Silver prices rose 0.7% to $15.33 per ounce, almost a 2-week high, while platinum prices went up 0.9% to $841 per ounce, more than 1-week high.
Hedge funds and other leveraged speculators in Comex gold futures and options last week reduced their bullish betting on gold for the first time in 7 weeks, according to the data published by US regulator the Commodities Futures Trading Commission (CFTC).
The size of open interest in gold derivatives, however, exceeded 1,000,000 for 3 weeks in a row for the first time in 13 years.
The largest gold bullion backed ETF, the SPDR Gold Trust (NYSEArca:GLD), saw investors add 3.6 tonnes last week to reach 800 tonnes of bullion in total. This was the second week in a row which saw an increase in holdings.
Chinese industrial production and retail sales for June beat all estimates, however, GDP growth was only 6.2% last quarter, the weakest since the data series began in 1992, according to data released on Monday.
“The monthly data were better than expected... (But) we are sceptical of this apparent recovery given broader evidence of weakness in factory activity,” said Julian Evans-Pritchard, senior China economist at Capital Economics.
“Looking ahead, we doubt that the data for June will mark the start of a turnaround.”
Physical gold buying stalled in top Asian hubs last week as consumers sold back bullion to cash in on a steep price rally.
“More clients have been trading-in gold bars they bought some years ago for a profit recently,” said a veteran trader at Lee Cheong Gold Dealers in Sheung Wan, Hong Kong.
“Many retailers will wait for prices to come down to shop for a dowry unless they are in a hurry.”

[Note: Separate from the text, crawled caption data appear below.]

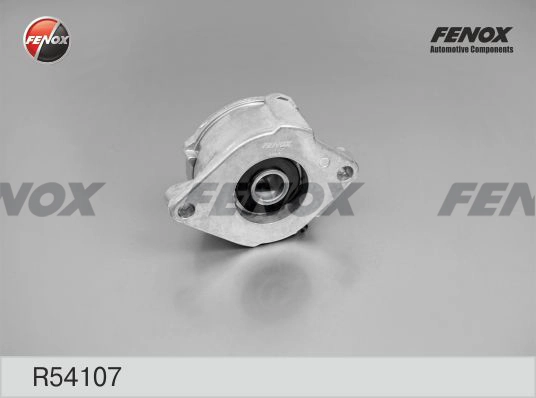 R54107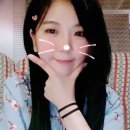 하늘 동물병원 이미지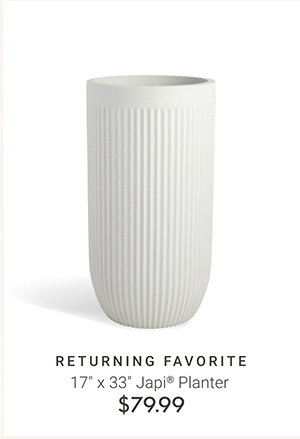 17" x 33" Japi Planter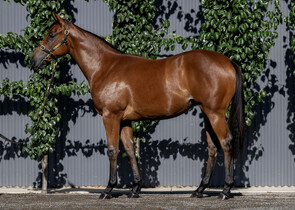 Lot 240 - Stay Inside x California GallantFilly-Click here-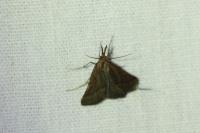 Synaphe punctalis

Hong Kong saw gold prices hit HK$11,079 on Friday which was amongst the highest levels since 2013.The price in HK$ has gained 6.2 per cent in the past month and about 11 per cent since the beginning of this year.
The World Gold Council, the market development organisation for the gold industry, also reported that physical-traded gold contracts on the Shanghai Gold Exchange (SGE), declined in May 2019. Trading volume of Au9999 amounted to 371 tonnes in May. This was a 115 tonne decline year-on-year and the fourth lowest monthly accumulated volume in three years.
In contrast, the trading volume of Au(T+D), a margin-traded and the most liquid gold contract traded on SGE, reached 1276 tonnes in May 2019, 286 tonnes higher year-on-year.
“In light of the stock market turbulence and weakening currency, Chinese investors looked to diversify, driving the volume of Au(T+D) – the more investor-friendly gold contract (it requires only 7% of the contract’s value) – significantly higher,” said Ray Jia, Research Manager at World Gold Council.
“On the other hand, May’s AU9999 trading volume was weak due to a large industry inventory that had built up earlier in the year,” he continued.
Gold prices for European investors slipped down to €1254 per ounce with EU foreign ministers meeting to discuss the Iran nuclear deal in Brussels on Monday.
UK gold prices edged up to £1127 per ounce as the British pound decreased 0.1% after recording 10 consecutive weekly loss last week as the market is increasingly concerned over the outcome of the ongoing Conservative Party leadership battle. The result of the leadership election is expected to be announced on 22nd July 2019.